> WHAT IS EXPECTED:
Look below for the lines from the one with "Joc The Smurfs" to the one with "Carbon Fiber Door", and copy exactly those lines, both ends included.

Stored data:
--------------------------------------------------
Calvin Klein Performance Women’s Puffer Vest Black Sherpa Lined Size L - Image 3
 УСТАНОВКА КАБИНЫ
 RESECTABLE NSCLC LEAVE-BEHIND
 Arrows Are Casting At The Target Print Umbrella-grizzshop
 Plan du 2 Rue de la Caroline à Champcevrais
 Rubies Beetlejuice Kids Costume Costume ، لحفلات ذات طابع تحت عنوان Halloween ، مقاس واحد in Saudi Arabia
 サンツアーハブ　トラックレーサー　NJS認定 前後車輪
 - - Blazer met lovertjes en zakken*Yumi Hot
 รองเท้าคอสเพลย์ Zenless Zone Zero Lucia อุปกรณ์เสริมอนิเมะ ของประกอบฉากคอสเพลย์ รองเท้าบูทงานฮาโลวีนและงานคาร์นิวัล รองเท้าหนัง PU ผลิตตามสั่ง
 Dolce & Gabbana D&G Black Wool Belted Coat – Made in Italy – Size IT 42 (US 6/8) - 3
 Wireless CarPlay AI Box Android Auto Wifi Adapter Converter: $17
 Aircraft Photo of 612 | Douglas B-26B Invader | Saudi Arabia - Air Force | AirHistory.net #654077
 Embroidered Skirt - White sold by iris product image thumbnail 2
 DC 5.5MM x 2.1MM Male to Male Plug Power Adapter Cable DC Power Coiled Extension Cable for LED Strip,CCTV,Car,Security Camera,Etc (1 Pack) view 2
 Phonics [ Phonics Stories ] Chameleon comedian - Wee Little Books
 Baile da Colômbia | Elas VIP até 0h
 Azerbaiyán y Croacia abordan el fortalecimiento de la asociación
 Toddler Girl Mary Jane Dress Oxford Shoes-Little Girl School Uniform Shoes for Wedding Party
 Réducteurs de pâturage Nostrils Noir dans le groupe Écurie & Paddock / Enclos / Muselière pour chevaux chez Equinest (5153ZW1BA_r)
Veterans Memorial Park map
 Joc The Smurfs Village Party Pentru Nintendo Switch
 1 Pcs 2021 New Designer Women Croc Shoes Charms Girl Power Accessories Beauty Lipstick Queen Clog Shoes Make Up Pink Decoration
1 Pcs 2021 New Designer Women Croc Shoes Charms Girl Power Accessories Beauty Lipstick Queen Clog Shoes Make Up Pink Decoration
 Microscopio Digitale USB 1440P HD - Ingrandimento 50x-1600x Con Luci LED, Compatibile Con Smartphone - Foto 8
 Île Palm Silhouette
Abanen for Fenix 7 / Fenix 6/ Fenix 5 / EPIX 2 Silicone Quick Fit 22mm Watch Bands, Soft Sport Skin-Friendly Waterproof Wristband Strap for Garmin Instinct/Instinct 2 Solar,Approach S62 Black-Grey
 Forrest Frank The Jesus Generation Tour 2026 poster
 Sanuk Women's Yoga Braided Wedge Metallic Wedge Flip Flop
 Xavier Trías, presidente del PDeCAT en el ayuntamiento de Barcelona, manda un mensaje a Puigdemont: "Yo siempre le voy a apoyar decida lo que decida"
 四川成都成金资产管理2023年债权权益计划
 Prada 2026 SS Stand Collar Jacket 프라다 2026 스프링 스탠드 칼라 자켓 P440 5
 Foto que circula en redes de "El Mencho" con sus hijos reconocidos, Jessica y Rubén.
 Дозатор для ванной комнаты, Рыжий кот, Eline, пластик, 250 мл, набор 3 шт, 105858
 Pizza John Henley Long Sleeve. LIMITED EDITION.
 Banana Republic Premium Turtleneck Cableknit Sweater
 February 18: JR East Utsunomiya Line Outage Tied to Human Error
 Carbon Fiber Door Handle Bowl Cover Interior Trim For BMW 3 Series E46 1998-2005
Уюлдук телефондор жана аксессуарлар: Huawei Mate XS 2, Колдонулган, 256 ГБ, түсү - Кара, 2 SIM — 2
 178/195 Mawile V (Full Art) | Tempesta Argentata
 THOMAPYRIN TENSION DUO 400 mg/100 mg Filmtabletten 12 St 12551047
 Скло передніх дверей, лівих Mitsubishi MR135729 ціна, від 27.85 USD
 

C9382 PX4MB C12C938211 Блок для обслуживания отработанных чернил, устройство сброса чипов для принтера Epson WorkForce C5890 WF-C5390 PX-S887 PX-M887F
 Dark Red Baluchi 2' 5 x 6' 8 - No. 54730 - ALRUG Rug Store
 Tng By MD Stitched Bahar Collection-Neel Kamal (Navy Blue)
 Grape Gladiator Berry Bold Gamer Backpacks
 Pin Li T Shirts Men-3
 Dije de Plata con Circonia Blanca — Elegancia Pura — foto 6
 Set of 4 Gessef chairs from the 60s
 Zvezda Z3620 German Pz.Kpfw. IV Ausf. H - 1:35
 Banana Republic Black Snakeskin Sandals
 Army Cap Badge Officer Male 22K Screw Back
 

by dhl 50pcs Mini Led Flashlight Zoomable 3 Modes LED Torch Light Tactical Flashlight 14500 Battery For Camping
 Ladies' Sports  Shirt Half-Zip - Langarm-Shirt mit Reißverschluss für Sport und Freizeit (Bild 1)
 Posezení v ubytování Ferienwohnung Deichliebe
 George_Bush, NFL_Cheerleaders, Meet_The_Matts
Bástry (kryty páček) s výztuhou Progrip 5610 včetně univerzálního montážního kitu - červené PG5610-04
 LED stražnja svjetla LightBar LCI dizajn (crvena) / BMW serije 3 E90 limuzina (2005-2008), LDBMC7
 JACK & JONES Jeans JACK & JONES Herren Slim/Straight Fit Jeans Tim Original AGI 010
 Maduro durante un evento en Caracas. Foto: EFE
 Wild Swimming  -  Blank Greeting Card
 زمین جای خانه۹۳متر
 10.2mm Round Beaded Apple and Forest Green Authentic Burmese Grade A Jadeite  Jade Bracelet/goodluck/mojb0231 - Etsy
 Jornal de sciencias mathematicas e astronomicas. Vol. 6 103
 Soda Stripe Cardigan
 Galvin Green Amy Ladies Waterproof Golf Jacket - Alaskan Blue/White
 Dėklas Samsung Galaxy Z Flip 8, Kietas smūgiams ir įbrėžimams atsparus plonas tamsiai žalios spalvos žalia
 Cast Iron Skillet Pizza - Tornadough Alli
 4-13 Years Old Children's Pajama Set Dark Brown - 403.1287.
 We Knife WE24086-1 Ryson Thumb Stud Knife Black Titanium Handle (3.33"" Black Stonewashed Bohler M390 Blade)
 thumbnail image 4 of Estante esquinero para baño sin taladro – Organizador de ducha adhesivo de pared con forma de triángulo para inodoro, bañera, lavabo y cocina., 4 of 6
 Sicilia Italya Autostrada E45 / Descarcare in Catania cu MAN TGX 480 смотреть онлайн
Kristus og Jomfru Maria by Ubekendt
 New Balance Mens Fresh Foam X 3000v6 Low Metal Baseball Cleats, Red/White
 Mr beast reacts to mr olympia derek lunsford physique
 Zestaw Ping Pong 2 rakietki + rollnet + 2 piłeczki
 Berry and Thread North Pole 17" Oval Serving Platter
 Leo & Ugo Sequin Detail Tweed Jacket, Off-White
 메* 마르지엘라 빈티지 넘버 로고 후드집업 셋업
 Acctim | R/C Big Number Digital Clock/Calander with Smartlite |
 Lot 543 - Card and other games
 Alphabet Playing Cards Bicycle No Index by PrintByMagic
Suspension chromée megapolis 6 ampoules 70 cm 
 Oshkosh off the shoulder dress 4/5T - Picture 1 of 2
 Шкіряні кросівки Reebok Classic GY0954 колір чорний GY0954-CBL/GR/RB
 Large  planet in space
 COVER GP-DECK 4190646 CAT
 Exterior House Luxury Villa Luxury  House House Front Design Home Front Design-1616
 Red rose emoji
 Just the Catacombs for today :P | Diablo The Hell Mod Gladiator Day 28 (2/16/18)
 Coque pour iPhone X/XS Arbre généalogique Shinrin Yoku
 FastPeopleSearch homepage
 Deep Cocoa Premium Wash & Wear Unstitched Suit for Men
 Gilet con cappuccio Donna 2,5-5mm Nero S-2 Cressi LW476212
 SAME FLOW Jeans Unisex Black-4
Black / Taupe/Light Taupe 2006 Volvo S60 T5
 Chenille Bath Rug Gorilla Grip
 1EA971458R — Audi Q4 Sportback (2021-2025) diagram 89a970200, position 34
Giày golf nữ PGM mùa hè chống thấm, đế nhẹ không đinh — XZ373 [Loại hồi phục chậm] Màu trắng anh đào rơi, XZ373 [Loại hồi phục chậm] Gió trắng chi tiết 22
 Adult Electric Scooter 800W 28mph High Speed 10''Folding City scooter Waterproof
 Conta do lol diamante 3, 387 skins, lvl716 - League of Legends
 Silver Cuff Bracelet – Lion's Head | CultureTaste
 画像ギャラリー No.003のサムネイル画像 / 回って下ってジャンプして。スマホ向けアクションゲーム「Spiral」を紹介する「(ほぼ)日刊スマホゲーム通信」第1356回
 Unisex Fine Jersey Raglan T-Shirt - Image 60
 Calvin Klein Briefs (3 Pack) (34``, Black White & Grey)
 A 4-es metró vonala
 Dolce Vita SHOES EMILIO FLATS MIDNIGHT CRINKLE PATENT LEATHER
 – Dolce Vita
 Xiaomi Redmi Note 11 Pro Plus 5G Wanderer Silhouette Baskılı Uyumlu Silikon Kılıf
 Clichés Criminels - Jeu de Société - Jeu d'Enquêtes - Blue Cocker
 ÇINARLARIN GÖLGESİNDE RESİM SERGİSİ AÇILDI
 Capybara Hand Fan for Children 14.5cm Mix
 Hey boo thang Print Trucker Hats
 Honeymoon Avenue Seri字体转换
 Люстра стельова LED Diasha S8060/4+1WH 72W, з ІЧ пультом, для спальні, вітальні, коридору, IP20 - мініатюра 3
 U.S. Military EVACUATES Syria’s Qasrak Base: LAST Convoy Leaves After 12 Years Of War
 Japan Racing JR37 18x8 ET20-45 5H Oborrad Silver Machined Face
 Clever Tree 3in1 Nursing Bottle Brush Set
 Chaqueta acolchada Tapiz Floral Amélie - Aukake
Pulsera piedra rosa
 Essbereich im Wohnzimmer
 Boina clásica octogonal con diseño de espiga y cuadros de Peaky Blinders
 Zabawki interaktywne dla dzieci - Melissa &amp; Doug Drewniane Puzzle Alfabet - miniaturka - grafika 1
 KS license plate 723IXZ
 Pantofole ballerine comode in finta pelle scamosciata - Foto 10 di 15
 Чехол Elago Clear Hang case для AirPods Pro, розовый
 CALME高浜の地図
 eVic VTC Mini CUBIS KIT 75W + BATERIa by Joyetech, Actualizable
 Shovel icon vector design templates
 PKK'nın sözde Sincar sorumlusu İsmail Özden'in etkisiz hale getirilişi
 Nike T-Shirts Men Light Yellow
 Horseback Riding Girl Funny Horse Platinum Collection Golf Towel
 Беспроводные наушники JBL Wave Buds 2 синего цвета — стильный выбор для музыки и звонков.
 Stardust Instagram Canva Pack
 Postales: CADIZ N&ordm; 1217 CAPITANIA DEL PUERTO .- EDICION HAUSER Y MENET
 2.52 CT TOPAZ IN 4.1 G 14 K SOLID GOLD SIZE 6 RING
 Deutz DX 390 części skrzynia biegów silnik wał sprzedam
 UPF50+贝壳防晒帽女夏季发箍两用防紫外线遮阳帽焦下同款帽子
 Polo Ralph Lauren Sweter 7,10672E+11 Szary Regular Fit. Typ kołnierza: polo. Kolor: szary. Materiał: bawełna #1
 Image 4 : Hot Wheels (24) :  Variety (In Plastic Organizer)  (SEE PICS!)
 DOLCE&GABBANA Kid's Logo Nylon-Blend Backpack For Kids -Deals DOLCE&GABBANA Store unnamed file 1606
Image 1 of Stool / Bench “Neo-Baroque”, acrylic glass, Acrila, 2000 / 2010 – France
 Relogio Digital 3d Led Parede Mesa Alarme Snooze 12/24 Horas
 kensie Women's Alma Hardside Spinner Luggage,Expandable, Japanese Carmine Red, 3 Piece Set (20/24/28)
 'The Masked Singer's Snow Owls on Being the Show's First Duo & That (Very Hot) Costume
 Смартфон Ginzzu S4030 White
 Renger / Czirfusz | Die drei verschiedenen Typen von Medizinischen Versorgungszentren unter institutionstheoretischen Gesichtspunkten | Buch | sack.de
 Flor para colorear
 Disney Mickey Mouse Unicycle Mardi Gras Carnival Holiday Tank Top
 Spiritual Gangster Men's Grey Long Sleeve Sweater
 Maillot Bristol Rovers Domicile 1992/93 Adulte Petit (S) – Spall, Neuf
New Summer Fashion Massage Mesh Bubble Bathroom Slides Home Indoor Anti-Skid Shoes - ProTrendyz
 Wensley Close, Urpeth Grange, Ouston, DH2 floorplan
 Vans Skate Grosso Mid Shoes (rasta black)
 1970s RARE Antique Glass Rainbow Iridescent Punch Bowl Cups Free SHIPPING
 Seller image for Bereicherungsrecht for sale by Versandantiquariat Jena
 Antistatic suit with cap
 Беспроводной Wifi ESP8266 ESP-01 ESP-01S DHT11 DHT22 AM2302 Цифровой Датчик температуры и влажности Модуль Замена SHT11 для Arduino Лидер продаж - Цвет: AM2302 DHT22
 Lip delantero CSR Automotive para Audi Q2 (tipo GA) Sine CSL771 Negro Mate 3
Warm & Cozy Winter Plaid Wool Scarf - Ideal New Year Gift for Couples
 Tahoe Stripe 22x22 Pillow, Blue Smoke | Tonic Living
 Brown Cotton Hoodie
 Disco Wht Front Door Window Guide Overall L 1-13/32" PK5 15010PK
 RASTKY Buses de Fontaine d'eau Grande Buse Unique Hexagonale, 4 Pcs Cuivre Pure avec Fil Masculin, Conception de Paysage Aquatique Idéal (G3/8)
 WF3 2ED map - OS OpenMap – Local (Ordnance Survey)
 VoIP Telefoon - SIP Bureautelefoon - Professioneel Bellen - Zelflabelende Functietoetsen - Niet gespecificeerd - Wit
--------------------------------------------------
> EXERCISE RESPONSE:
 Joc The Smurfs Village Party Pentru Nintendo Switch
 1 Pcs 2021 New Designer Women Croc Shoes Charms Girl Power Accessories Beauty Lipstick Queen Clog Shoes Make Up Pink Decoration
1 Pcs 2021 New Designer Women Croc Shoes Charms Girl Power Accessories Beauty Lipstick Queen Clog Shoes Make Up Pink Decoration
 Microscopio Digitale USB 1440P HD - Ingrandimento 50x-1600x Con Luci LED, Compatibile Con Smartphone - Foto 8
 Île Palm Silhouette
Abanen for Fenix 7 / Fenix 6/ Fenix 5 / EPIX 2 Silicone Quick Fit 22mm Watch Bands, Soft Sport Skin-Friendly Waterproof Wristband Strap for Garmin Instinct/Instinct 2 Solar,Approach S62 Black-Grey
 Forrest Frank The Jesus Generation Tour 2026 poster
 Sanuk Women's Yoga Braided Wedge Metallic Wedge Flip Flop
 Xavier Trías, presidente del PDeCAT en el ayuntamiento de Barcelona, manda un mensaje a Puigdemont: "Yo siempre le voy a apoyar decida lo que decida"
 四川成都成金资产管理2023年债权权益计划
 Prada 2026 SS Stand Collar Jacket 프라다 2026 스프링 스탠드 칼라 자켓 P440 5
 Foto que circula en redes de "El Mencho" con sus hijos reconocidos, Jessica y Rubén.
 Дозатор для ванной комнаты, Рыжий кот, Eline, пластик, 250 мл, набор 3 шт, 105858
 Pizza John Henley Long Sleeve. LIMITED EDITION.
 Banana Republic Premium Turtleneck Cableknit Sweater
 February 18: JR East Utsunomiya Line Outage Tied to Human Error
 Carbon Fiber Door Handle Bowl Cover Interior Trim For BMW 3 Series E46 1998-2005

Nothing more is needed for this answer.